# Routing square



## srf63 (Nov 19, 2014)

Hello this is my first post.
I need perfectly square pieces of 3/4" plywood for sculptures. Routing has been the answer. My problem is that when I do cut up 4'x8' plywood the router cut to the "waste" side is not square.
See attached drawing.
Thanks I appreciate any help I can get. This is probably going to be like the guy 20 yrs ago who called tech support concerning his first computer and asked, "I cant get this foot pedal to work", to which the tech person replied,"Its not a foot pedal its called a mouse and you use it on top of your desk" 
Steve


----------



## Cherryville Chuck (Sep 28, 2010)

Welcome to the forum Steve. You obviously have a guide on the one side so that is the side that is good. In the meantime the router is bouncing around on the other side. It could be that you are feed in the wrong direction. Going one way, the force of the bit in the cut will push the router against the guide. Going the other direction it will pull it away from it. Sometimes it is also hard to control the bit when routing across the full face of the bit. My suggestion would be to cut the piece off with a saw and then take a small cut along the edge to clean it up. Otherwise I would use a guide on both sides of the router so that it can't dance around. Also, if you are starting the cut as a plunge make sure you are using a plunge cutting bit. Some aren't designed to plunge.


----------



## OPG3 (Jan 9, 2011)

Steve, it appears to me that Charles "nailed it". Your first cut (the shallowest) has a lot of bounce-around. It appears you held a tighter tolerance with your subsequent cut and your final cut appears to be what you were hoping for throughout. 

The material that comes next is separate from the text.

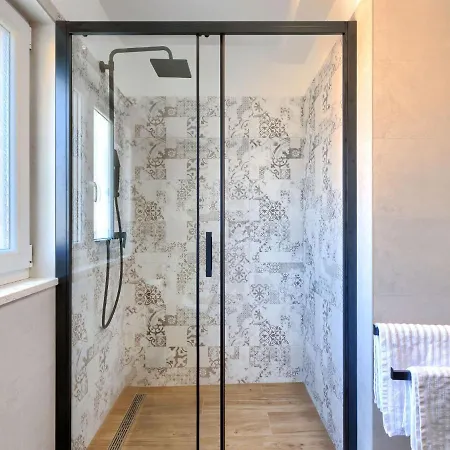 Kosic By Interhome *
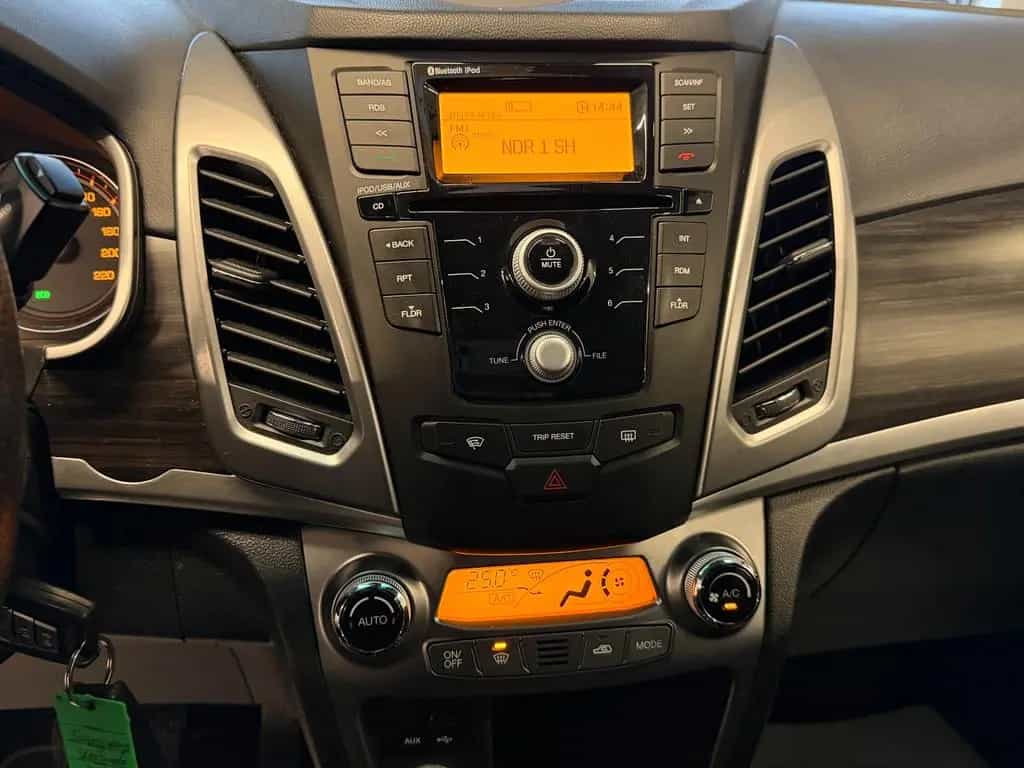 Ssangyong Korando 2.0 D*Sapphire*Automatik*Garantie*Leder* 05/2015-photo-16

Otis Guillebeau from Auburn, Georgia


----------



## DesertRatTom (Jul 3, 2012)

Looks to me like Chuck has the answer. I too would make a table saw cut, then clean up with the router. If you had a pretty fine tooth blade in the saw and a zero clearance insert to eliminate tear out, you could possibly do the final cut on the saw. You can also put masking tape across the cut line as well. I use an 80 tooth Freud blade and get baby's behind smooth cuts even without the tape.


----------



## Herb Stoops (Aug 28, 2012)

I use my bosch cordless circular saw to cut the plywood with a straight edge. Then run it thru the table saw with a Freud glue joint rip blade. If you cut it with a saw first (a litttle wider than needed ) then clean it up with your router you will get a lot less waste than trying to cut it with a router, and a lot less effort too, 3 cuts with a pouter and a clean up cut on the off-cut is more work than one saw cut and two router cuts. And further, the glue in plywood raises heck with a router bit, so your bit life will be longer.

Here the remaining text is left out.